Integrating Science and the Humanities: Toward a Second Wave
Attempts to bridge C.P. Snow’s “two cultures”—the natural sciences and the humanities—thus far not managed to make a great deal of progress. They have too often taken the form of hostile takeovers: humanists trying to forcibly bring the work of scientists under the umbrella of arbitrary, interpretable “inscriptions” or scientists arguing for the explanatory irrelevance of human phenomena not amenable to quantification. A potentially more helpful approach—referred to as “vertical integration” (Tooby & Cosmides 1992; Slingerland, 2008) or, increasingly commonly, “consilience” (Wilson 1998)—seeks to get beyond the sort of mind-body dualism that underlies the two culture split, arguing that the work of scientists and humanists can be coordinated in a seamless hierarchy of explanation. Such a coordination would respect the importance of emergent levels of explanation, but also seek to ground those levels in an integrated chain on causation.

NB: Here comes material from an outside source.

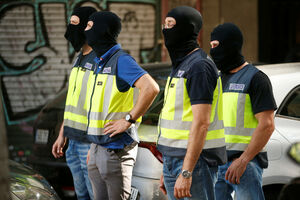 Policija uhapsila ekstremiste u Madridu: Pronađena uputstva za...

Unfortunately, the vertical integration approach has, for the most part, been received with a great deal of hostility by humanists. This paper seeks to explore some of the reasons for this reception, as well to sketch the outlines of a “second wave” of consilience that would overcome humanistic resistance by responding to genuine, and valid, humanistic concerns. By taking seriously the phenomenological inescapability of human-level truth, the crucial and transformative role of culture in human embodied experience, and the limits of natural scientific inquiry, such second wave consilience could help to transform Western institutions of higher learning from “biversities” into true universities, where the various levels of the human body-mind are studied in a truly integrated manner.